Health Financing in sub-Saharan Africa

An important issue that came up repeatedly throughout the workshop was how the epidemiological transition will affect health-financing systems and attempts to achieve universal coverage. Riko Elovainio presented a conceptual framework for addressing this question, based on the World Health Report 2010: Health Systems Financing: The Path to Universal Coverage (World Health Organization, 2010), which outlines the types of health-financing levers available to policy makers in three broad areas: raising funds for health, reducing financial barriers to access through prepayment, and pooling of resources (spreading the financial risks of paying for care across the population) and efficiency.
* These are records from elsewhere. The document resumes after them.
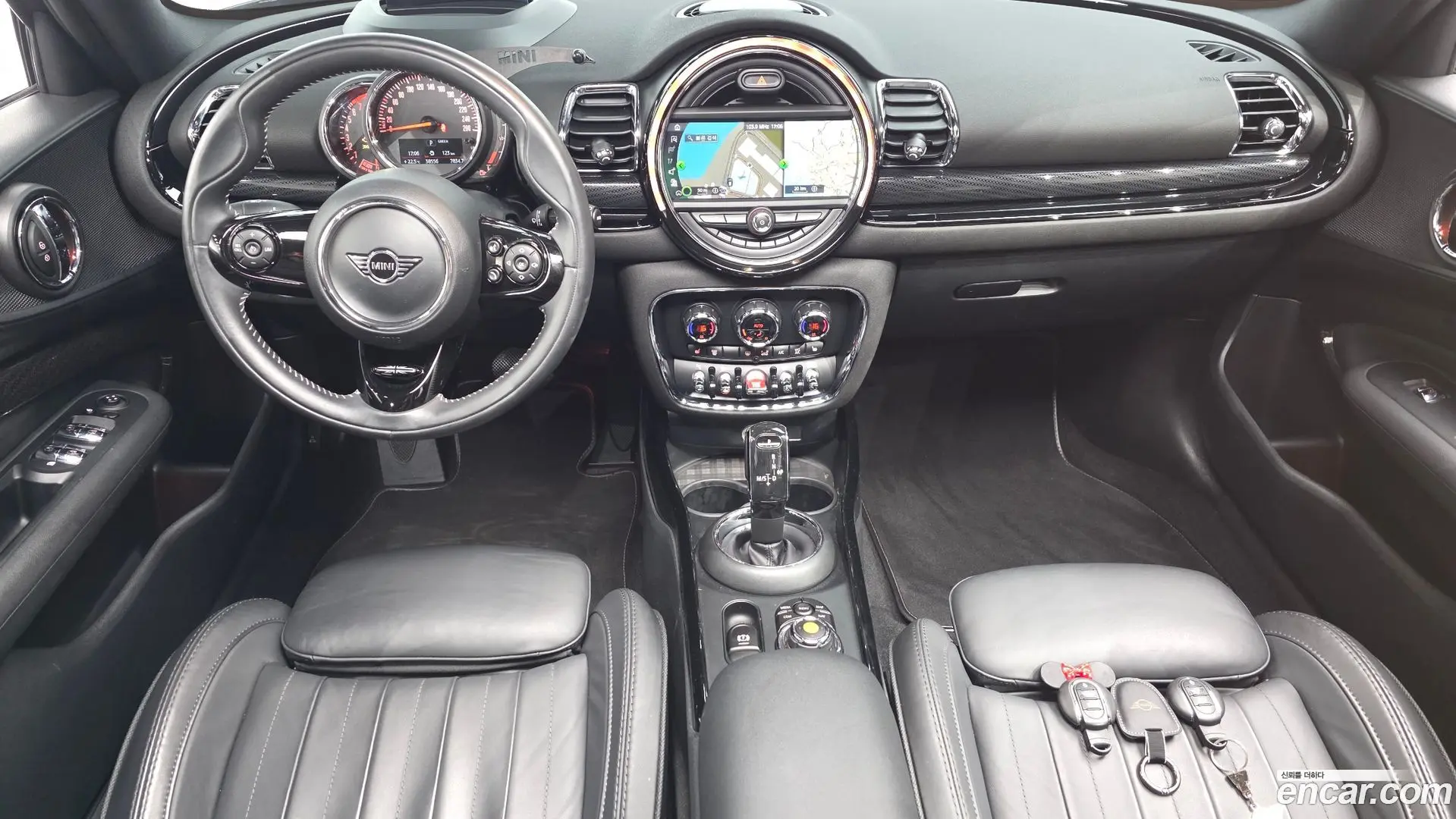Mini Clubman Savile Row Edition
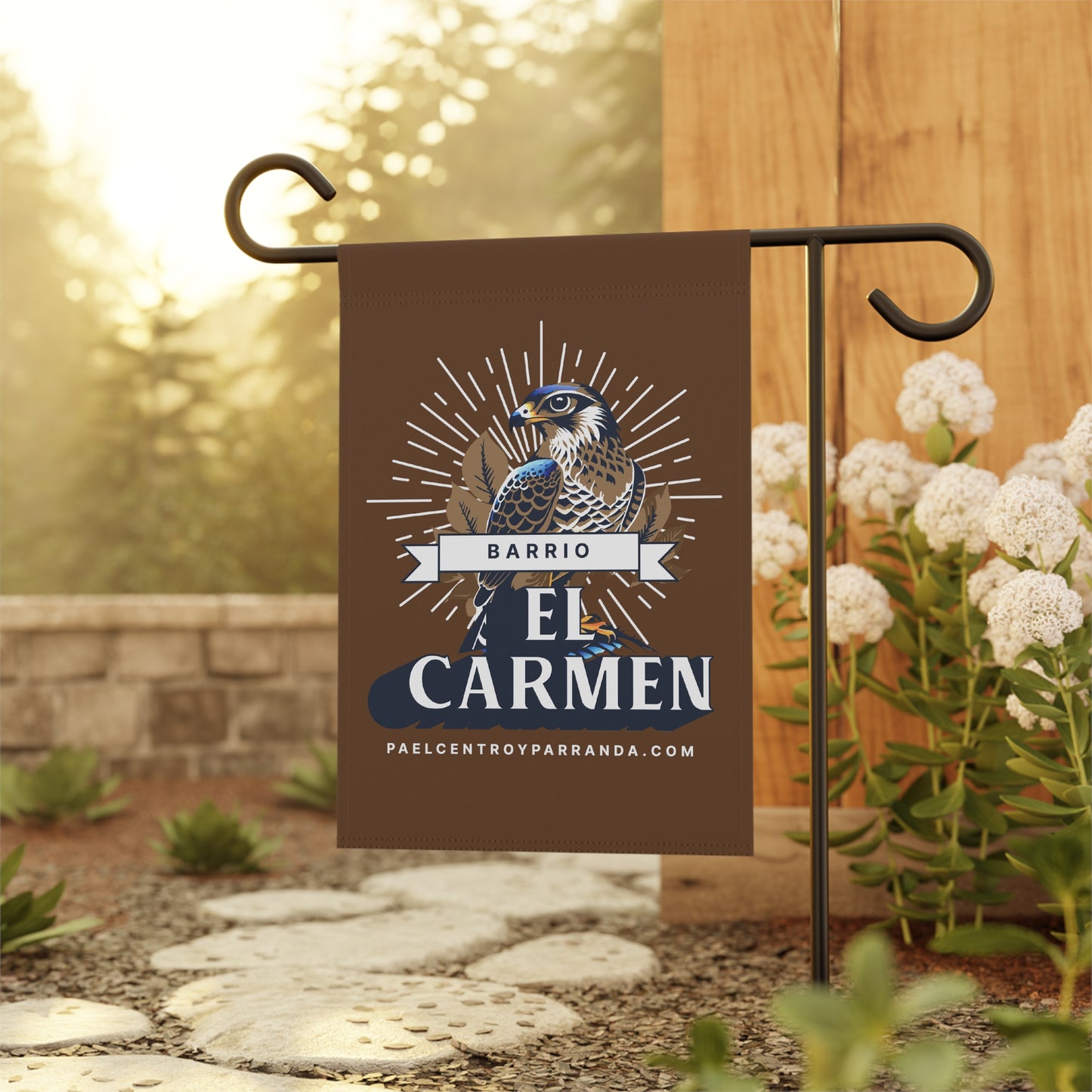 El Carmen, Remedios. Garden & House Banner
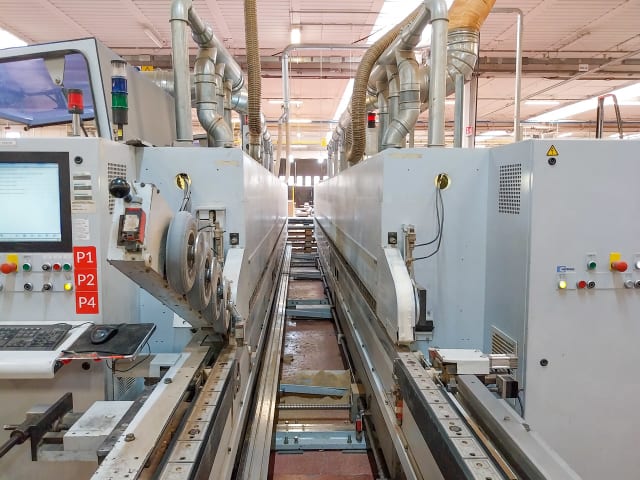 Double Sided Squaring/Edgebanding Machines HOMAG KFL 526/9/A3/30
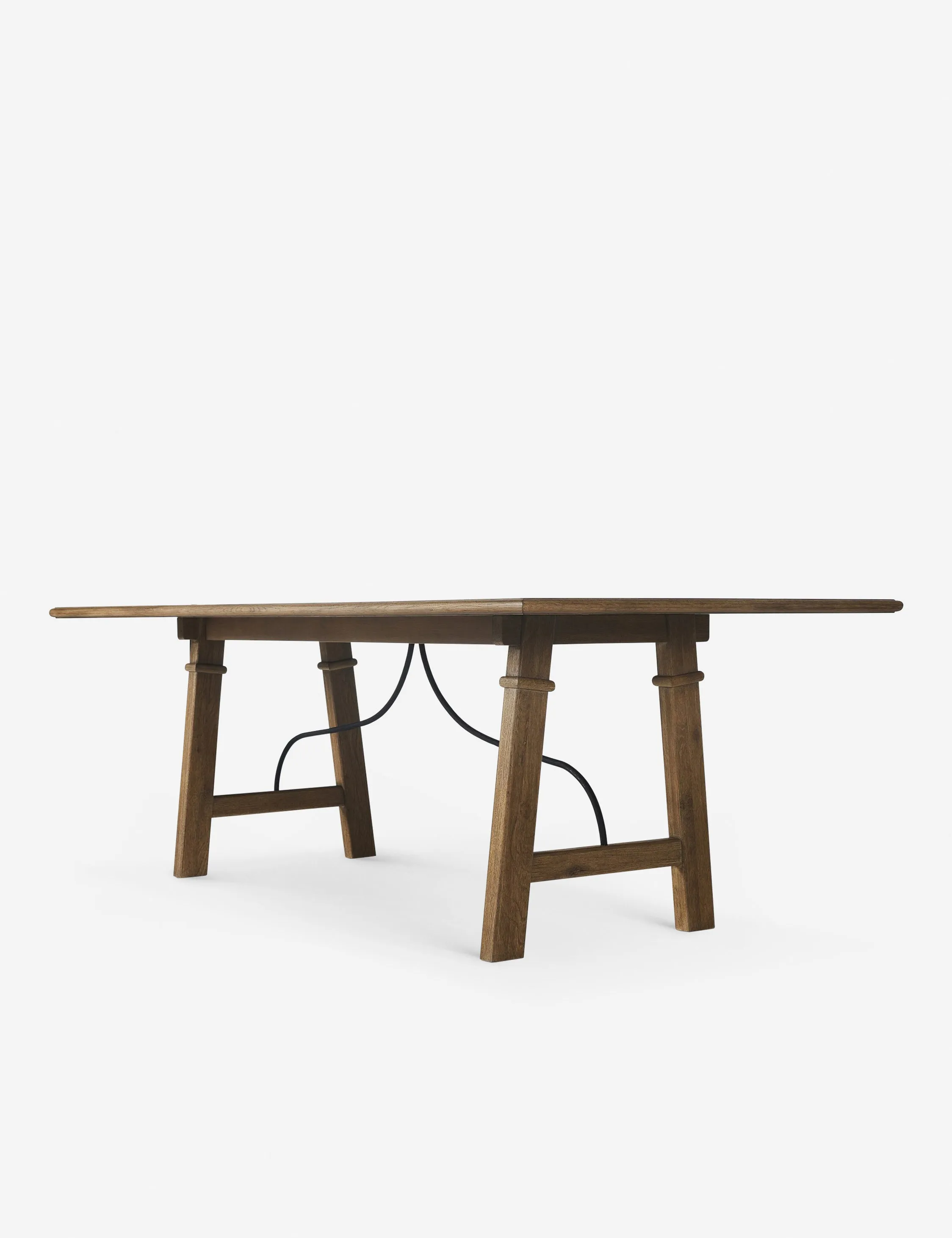 Fritz Dining Table by Amber Lewis x Four Hands Lulu and Georgia
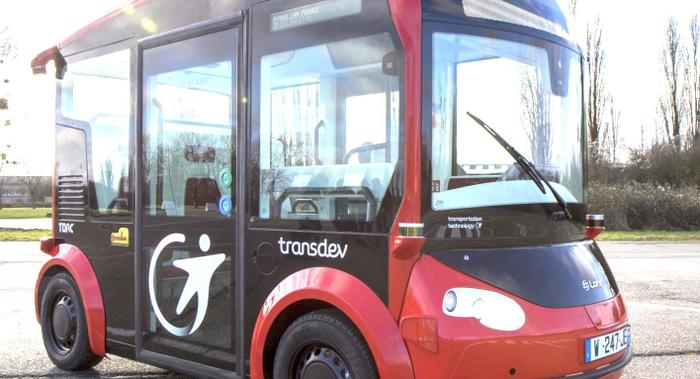 Navette autonome NIMFEA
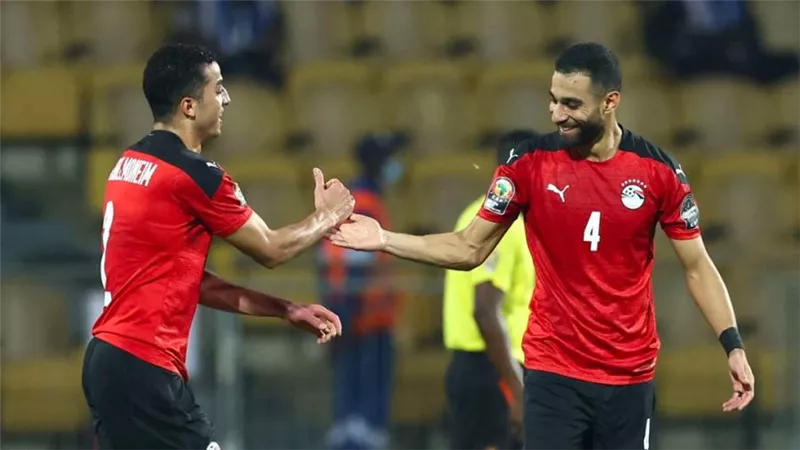 منتخب مصر يتقدم على السودان بهدف محمد عبدالمنعم ويقترب من الصعود لدور الـ 16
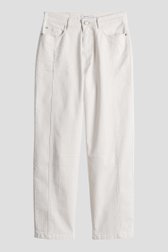 Ecru jeans - Barrel fit van Opus voor Dames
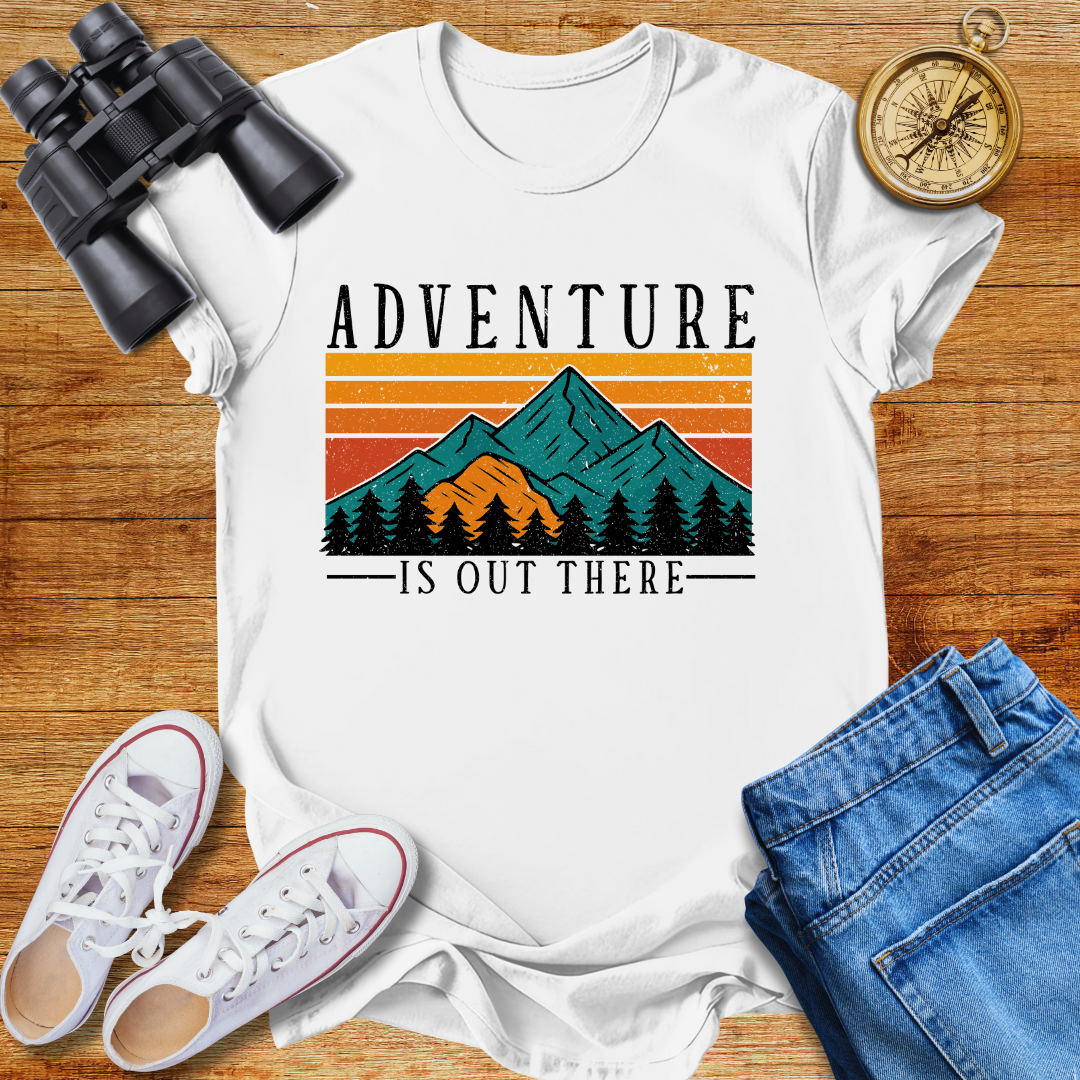 Adventure Is Out There Unisex Softstyle T-Shirt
In 2009 low-income countries around the world spent an average of 6.1 percent of their gross domestic products (GDPs) on health in 2009, lower-middle-income countries spent 6.2 percent, and upper-middle-income countries spent 7.0 percent. The region of sub-Saharan Africa spent 6.1 percent of its total GDP on health, far less than the 9.5 percent of GDP that the countries of the OECD spend on health.

In terms of U.S. dollars, low-income countries spent $25 per person on health in 2009 versus the more than $4,600 per person spent in high-income countries. In the Africa region of the World Health Organization (which includes all countries of Africa, not just the low-income countries), per capita health spending was $83, less than 2 percent of the average spending in high-income countries.

Elovainio commented that economic growth will facilitate additional spending on health in the low-income countries. The International Monetary Fund projects that, beginning in 2012, economic growth across the whole of sub-Saharan Africa should average 5 percent per year, which corresponds to a per capita GDP growth rate of around 3.5 percent per year (International Monetary Fund, 2011). This suggests that even if health receives the same share of GDP as it does now, health expenditures will grow, but it is likely that health spending will receive an increasing share of GDP and thus grow at an even greater rate.

All of the countries of sub-Saharan Africa have ways in which they can raise more funds domestically for health spending if they chose to do so. The pressure to find new funding sources is especially high in countries in which large informal economic sectors make it difficult to collect revenues, either in the form of taxes or in the form of health insurance contributions. This situation is often accompanied by tax collection systems that are inefficient and inequitable. Wage-based deductions are generally the easiest to administer and collect, and thus they offer the greatest potential for achieving an equitable system in which people earning more would pay more. However, in those low-income countries in which a relatively low (although usually growing) percentage of the workforce has formal paid employment, other options also need to be pursued. These other options might include “sin taxes,” that is, taxes on harmful products such as alcohol

Suggested Citation:"6 Health Financing in sub-Saharan Africa." National Research Council. 2012. The Continuing Epidemiological Transition in Sub-Saharan Africa: A Workshop Summary. Washington, DC: The National Academies Press. doi: 10.17226/13533.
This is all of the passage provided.